L'invention de l'imprimerie au XVè
siècle consacra définitivement ce nouveau support de l'écrit.
La
fabrication
La pâte
à papier est obtenue en broyant dans l'eau des textiles (chanvre, coton,
lin etc..) préalablement nettoyés, à l'aide de marteaux de
bois actionnés par des cames, elles-même entrainées par une
roue baignant dans le courant d'une rivière.
La pâte ainsi obtenue est étalée
sur des chassis appelés
formes.
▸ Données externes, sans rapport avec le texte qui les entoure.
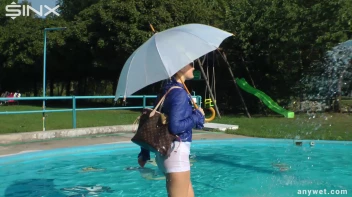 Playful Blonde Gets Drenched Under Water Fountain Screencap 40 on sinx.preview.netperv.com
Lorsque ces dernières sont tendues
d'un maillage de fils métalliques (les vergeures
verticales, et les pontuseaux horizontaux) on
obtient le
papier vergé. Avant l'imprimerie, les
scripteurs se servaient de supports en peaux de chèvre, mouton ou veau,
d'où le nom de vélin. Au XVIIIè
siècle, certains papetiers ont voulu retrouver cette texture lisse et
unie. A cet effet, le fond de la forme est grillagé de fils métalliques
très fins ne laissant aucune trame et faisant ainsi disparaître
vergeures et pontuseaux, ce qui donne le papier vélin.
En outre, les grands papetiers signent
leurs produits d'un filigrane. Ce dernier est un
sceau ou une marque en fils métalliques placé dans la forme et
laissant une empreinte dans l'épaisseur du papier.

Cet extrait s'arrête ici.